» **WORK INSTRUCTION**
Please write out all of the data below exactly, without including the pictures.

» **GIVEN DATA**
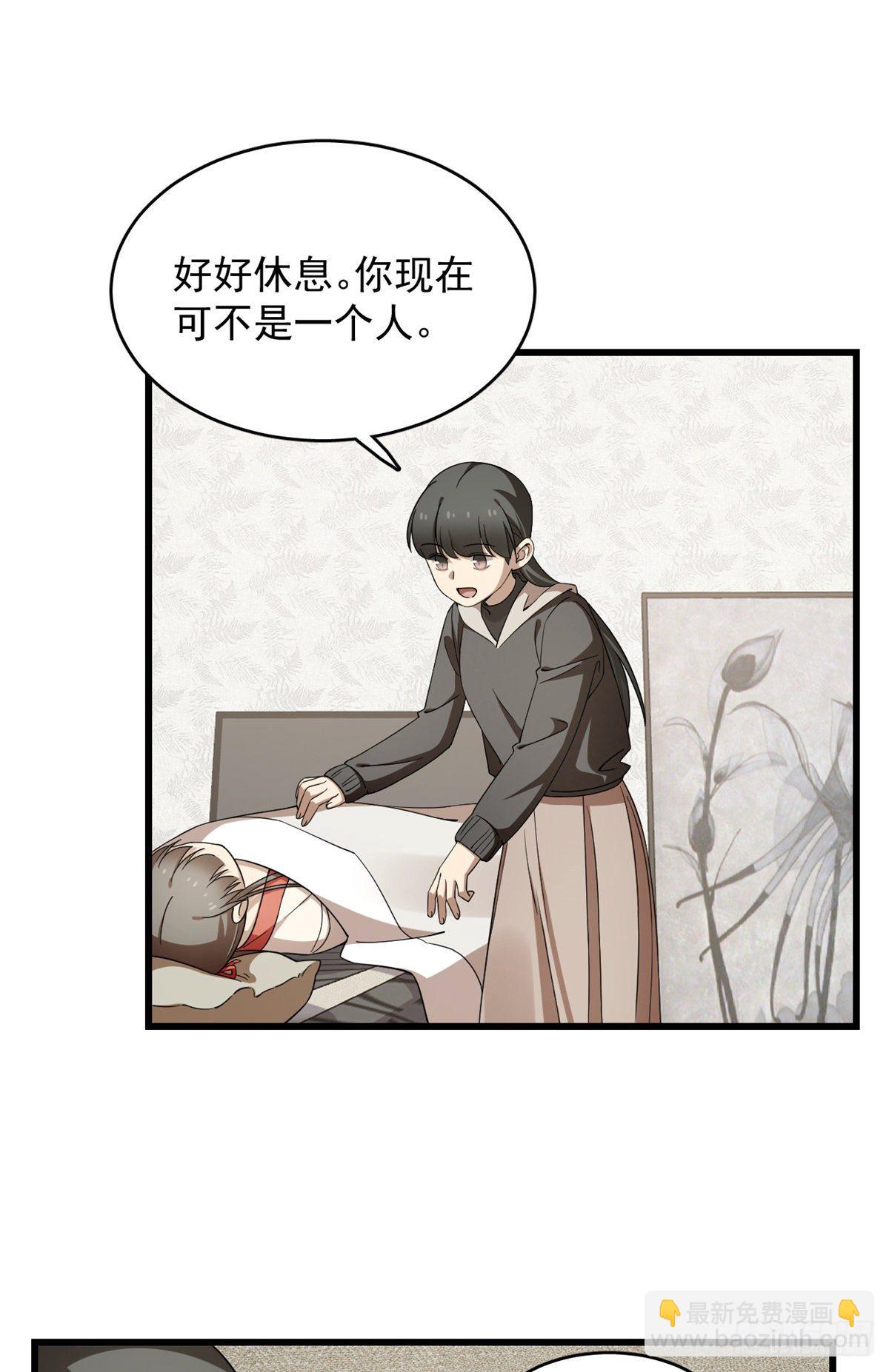 第299话-第299话
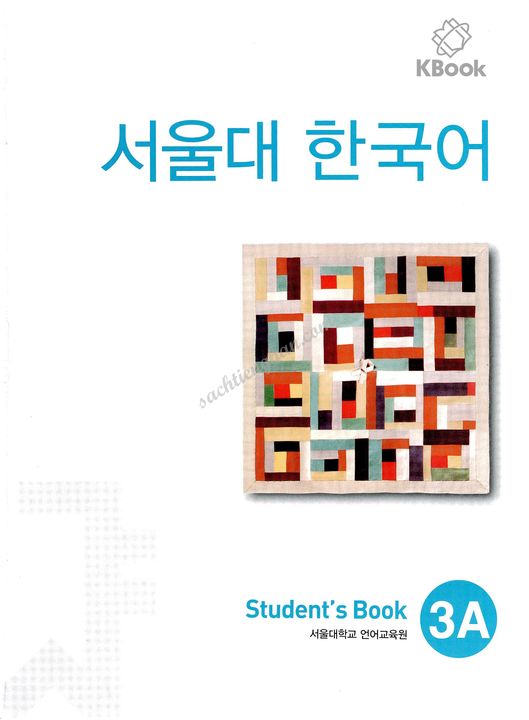 Hàn　3A　MÀU　3A　BẢN　한국어　Tiếng　ĐẸP]　서울대　Giáo　Seoul　Combo　Kbook　(SGK+SBT)　Trình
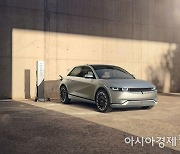 현대차, 첫 전용 전기차 '아이오닉 5' 최초 공개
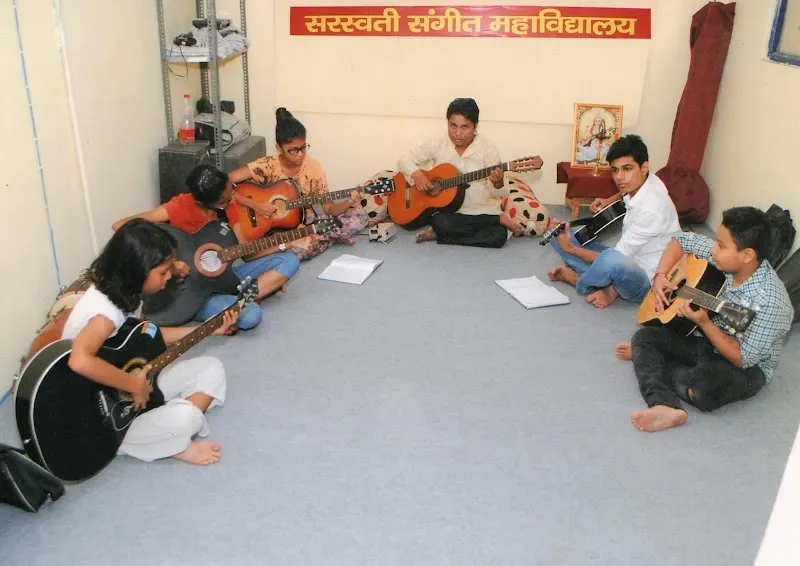 Sursagar Sangeet Mahavidyalaya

» **REPLY**
 第299话-第299话
 Hàn　3A　MÀU　3A　BẢN　한국어　Tiếng　ĐẸP]　서울대　Giáo　Seoul　Combo　Kbook　(SGK+SBT)　Trình
 현대차, 첫 전용 전기차 '아이오닉 5' 최초 공개
 Sursagar Sangeet Mahavidyalaya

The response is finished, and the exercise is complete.